I’ve spent the last couple of months working with Sidekick Studios on improvements to the client side of a mobile market research application. It’s been fun, and, especially after my previous experience in a rather large organisation, reinforced my belief that I enjoy and find it easiest to contribute in small companies.
One feature of the admin web app is the ability to generate zip files of multiple photos and videos on demand. As the main application stack (Ruby on Rails) isn’t well suited to this kind of streaming operation, the downloads were implemented with a short and simple Node.js application that fetched files from S3 and streamed them into a zip file and out to the client.
This approach works very well: the download starts almost instantly, and Node.js is a good fit for this straightforward IO-bound process. I suspect that Go would also work well, incidentally.
At the point when I started working on the project, the downloader worked out which files to put in the zip file by querying the SQL database directly. This wasn’t a terrible thing, but it posed a few problems as we added features:
- It was coupled to the database schema
- It didn’t know about the more complex permissions we were adding
- We wanted to add HTML pages to the zip file to put the files into context
All of these things could have been added to the downloader, but it would have been duplication: the web app already knew how to do this stuff.
The solution, obviously, was to make the downloader more stupid, so that it could just freeload on the web app’s functionality. Here’s how I did it:
Step 1: Remove the database connection
Instead of querying the database to find the files, just ask the web app for a list of files to include. This is the manifest. As well as the list of files, it also includes what they should be stored as, and the name of the zip file to be generated.

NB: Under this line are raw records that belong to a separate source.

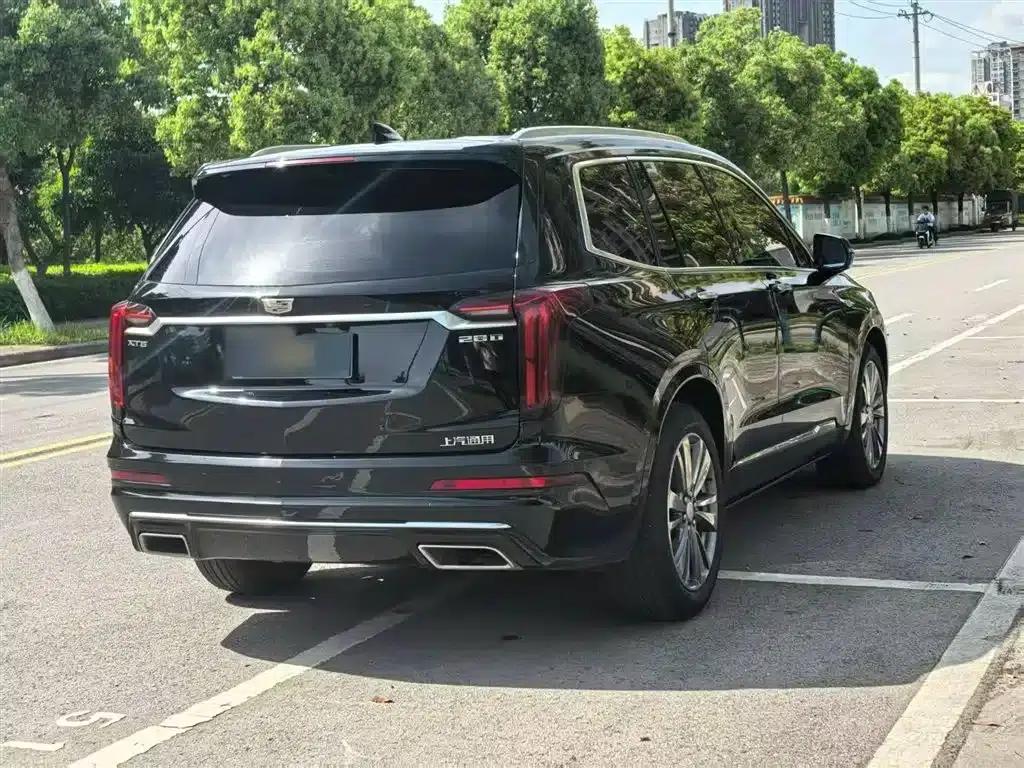 2020 Cadillac XT6 Facelift 28T 7-Seat Luxury — миниатюра 7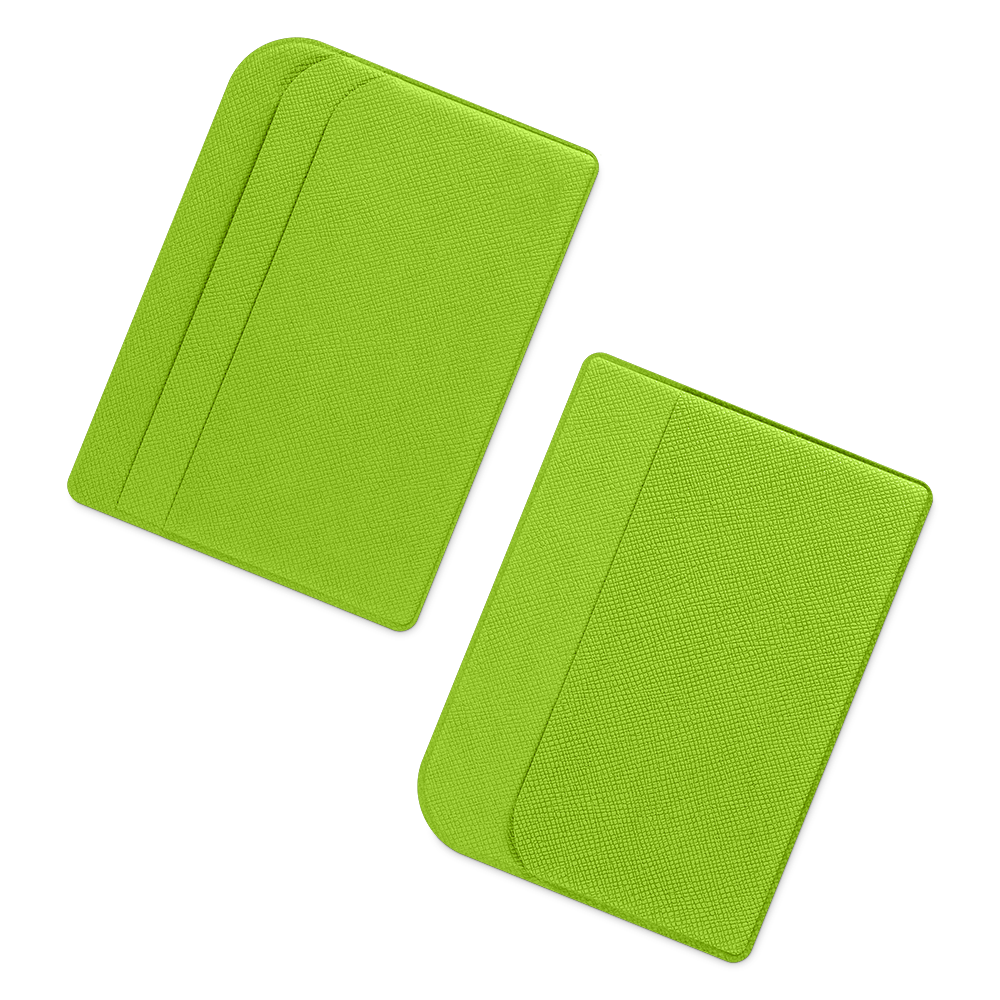 Футляр для пластиковых карт зеленый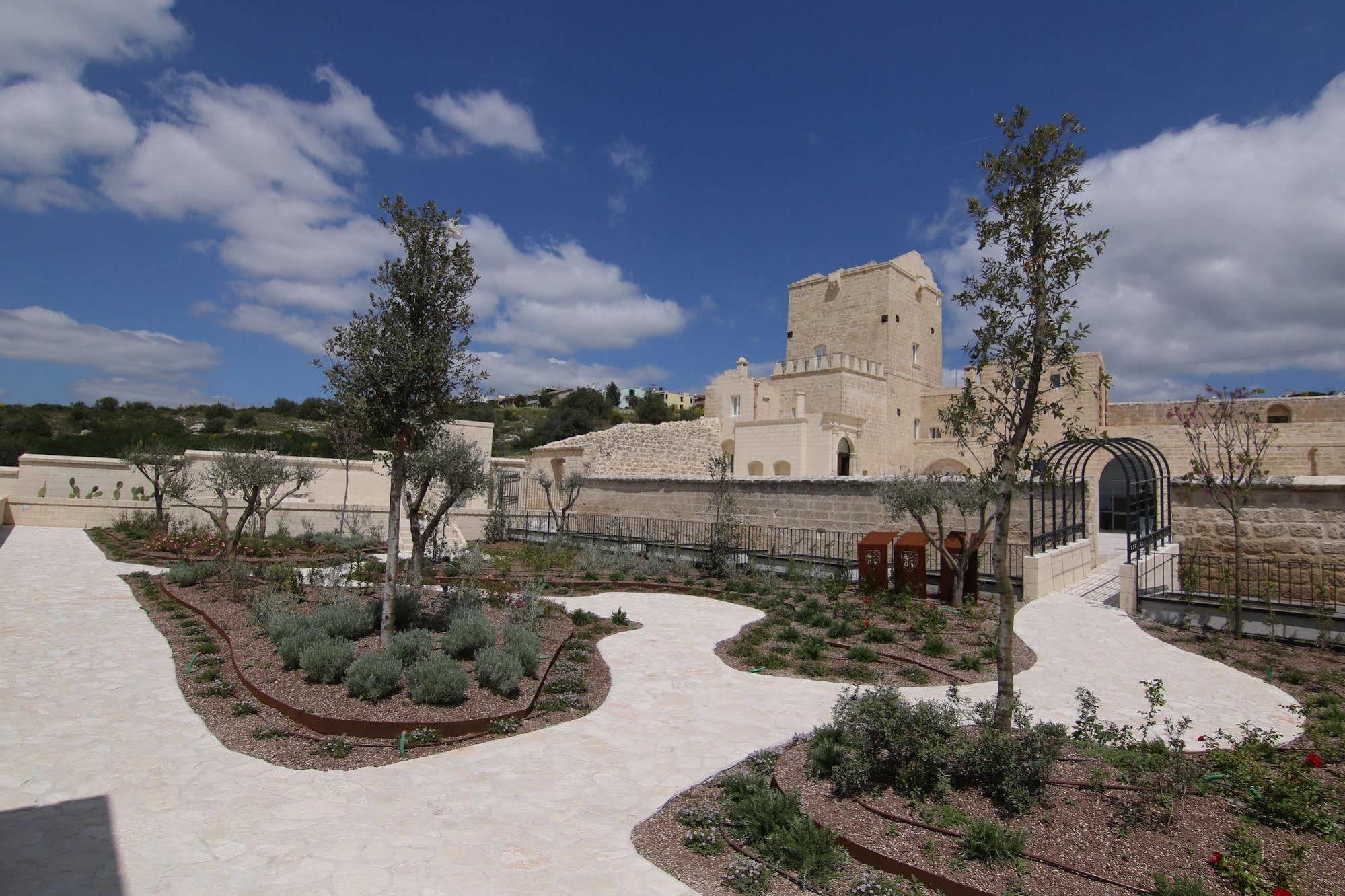 Masseria Fortificata San Francesco マテーラ エクステリア 写真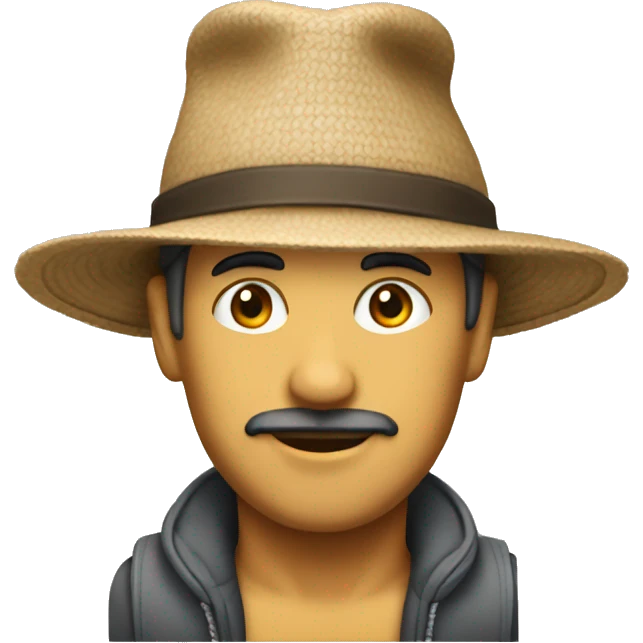 Homme avec un bonnets  emoji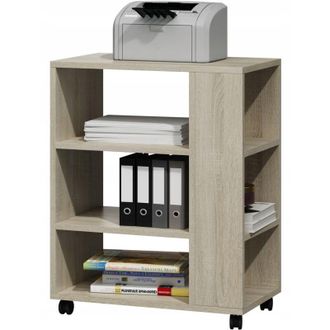 OEM Armario Para Impresora Multifunci&oacute;n Con Ruedas Sonoma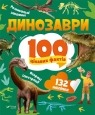 Dinosaurs. 100 interesting facts w. ukraińska Lilia Politay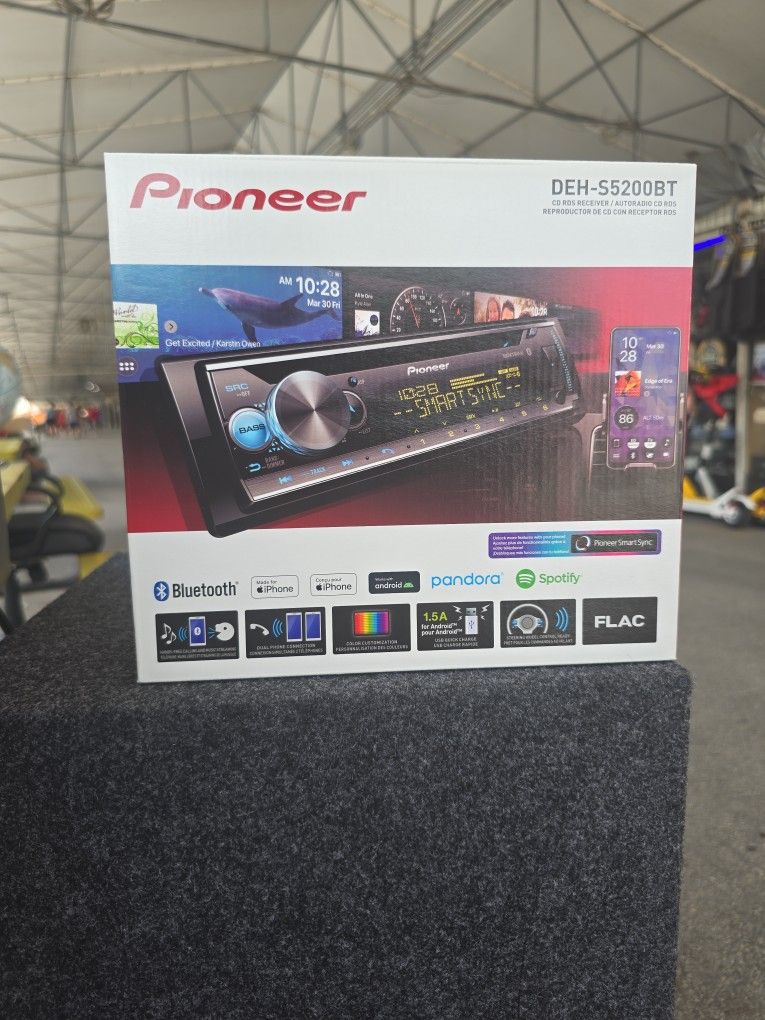 Pioneer DEH-S5200BT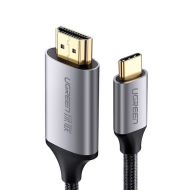 Kabel HDMI - USB-C Ugreen 4K UHD 1,5m czarny - Kabel HDMI - USB-C Ugreen 4K UHD 1,5m czarny - mdronpl-kabel-usb-c-do-hdmi-ugreen-4k-uhd-1-5m-czarny-1.jpg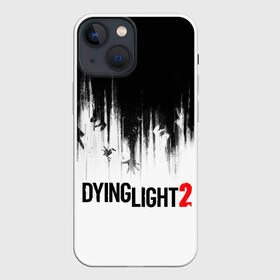 Чехол для iPhone 13 mini с принтом Dying Light 2 в Екатеринбурге,  |  | 2 | 2021 | dying light | light | logo | techland | игра | красный | кровь | лого | логотип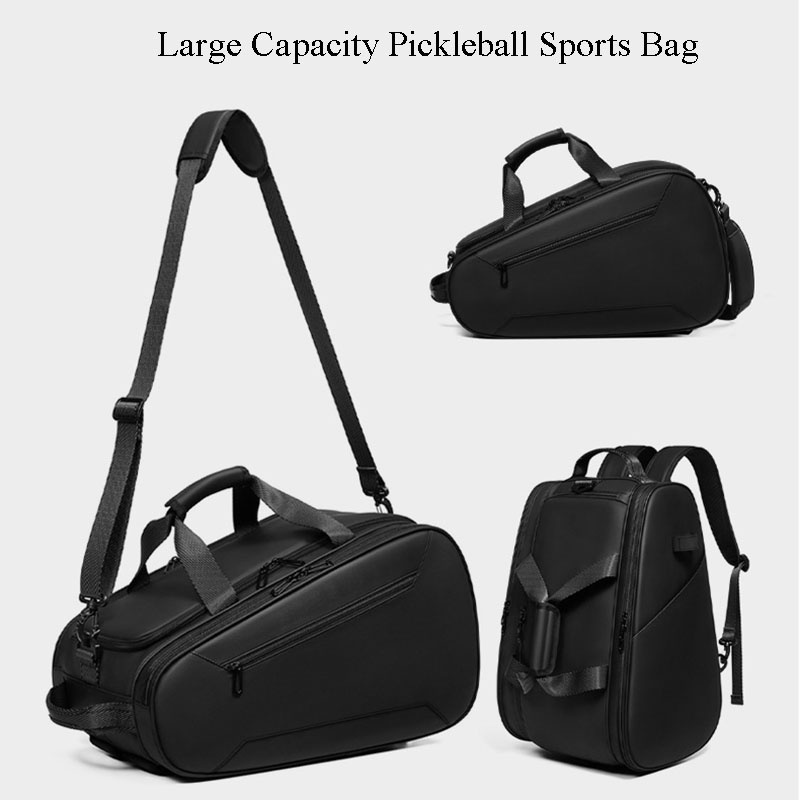 Backpack Racket Bag - حقيبة تنس، سعة كبيرة، خفيفة الوزن،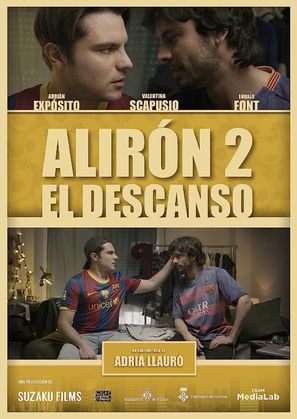 Alir&oacute;n 2 (el descanso) - Spanish Movie Poster (thumbnail)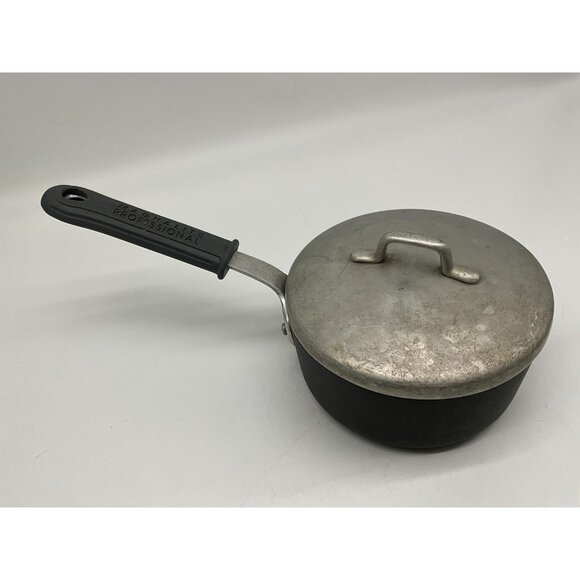 Magnalite GHC 1 Quart Saucepan with Fitted Grip, Made in the USA  VTG Cookware - Picture 2 of 16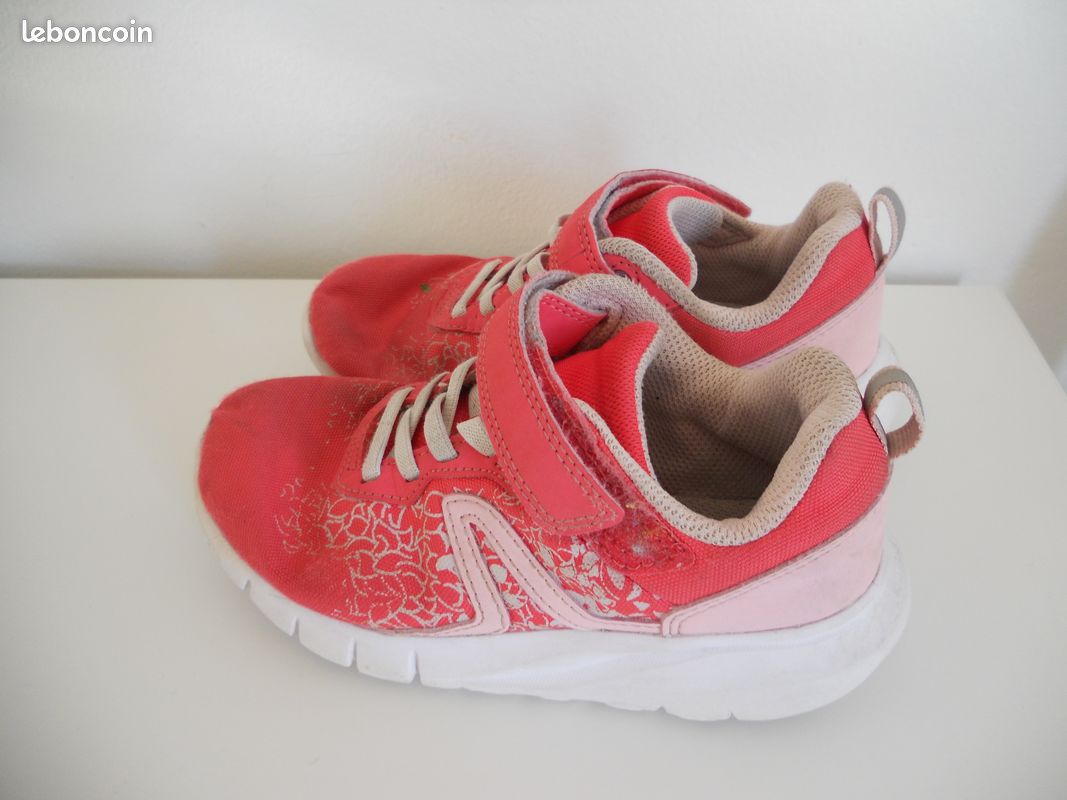 Enfant Les Spadri De Decathlon Baskets à Scratch Enfant Pointure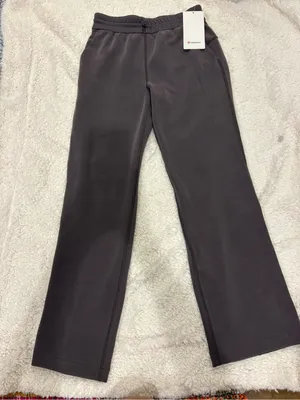 lululemon athletica Women's Charcoal Straight Sweatpants thumbnail 1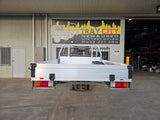 #135 single cab Alloy Tray - Hilux n80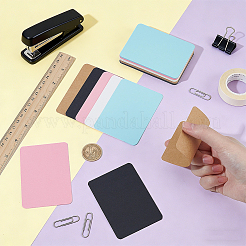 300Pcs 5 Colors DIY Paper Blank Card&nbsp;DIY-OC0015-94B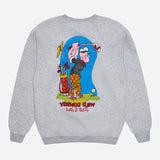 Pop Swing Raglan Sleeves Crewneck
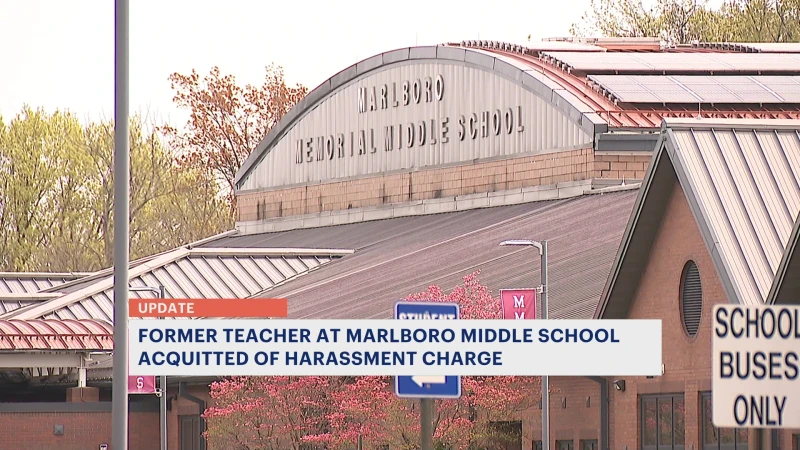 Story image: Former Marlboro teacher accused of fondling student acquitted of charges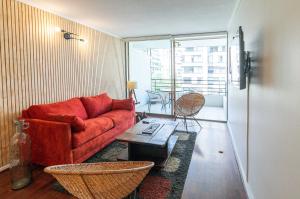 HOM I 2D2B I Las Condes I Parking I Wifi I AIRE AC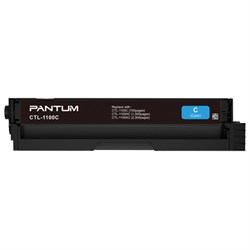 Картридж лазерный PANTUM (CTL-1100C) CP1100/CM1100, голубой, оригинальный, ресурс 700 страниц - фото 16565392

Step 2: Add the ability to download files from HTTP(S) as well as S3
Need HTML? Just ask the web app. This goes for static assets as well. We could put the latter in the downloader, but the general principle is for the downloader to know as little as possible.
This means that each file entry now has three pieces of information:
- Where to find it
- How to get it (HTTP or S3 API)
- Where to put it
Step 3: Make it secure
We want to make sure that people can only download files that they’re allowed. Since we know that the download process starts in the web app, when an authenticated person follows a link, and that the downloader needs to request the manifest from the web app, we just need some identifier to tie the two together — the download token:
- Person clicks link, e.g.
- Web app checks permissions, generates token for requested object
- Web app redirects to downloader with token, e.g.
- Downloader requests manifest with token, e.g.
- Web app generates manifest for object identified by token
- Web app sends manifest to downloader
The token is also used when requesting any HTML files generated by the web app for the download.
The download token is a long string composed of four parts:
[ object type | object ID | timestamp | HMAC ]
The timestamp lets the application check that the token isn’t too old, whilst the HMAC ensures that the token is authentic and hasn’t been tampered with.
The token does not need to be persisted in a database for authentication, nor does it need to be parsed anywhere outside the web app. The downloader can treat it as an opaque string that it just appends to every request.
Is it stupid enough yet?
By this stage, the downloader only needs to know two pieces of information, neither of which is specific to the project:
- Where to find the manifests
- The S3 credentials
The S3 credentials are not even strictly necessary—we could fetch the files via HTTP—but requests through the public interface are more expensive than within AWS.
I’ve lied a bit, because I didn’t just remove code: I added features to the web side (notably the download token and manifest generation). However, the downloader app is now about 20% shorter and does a lot more, despite knowing a lot less.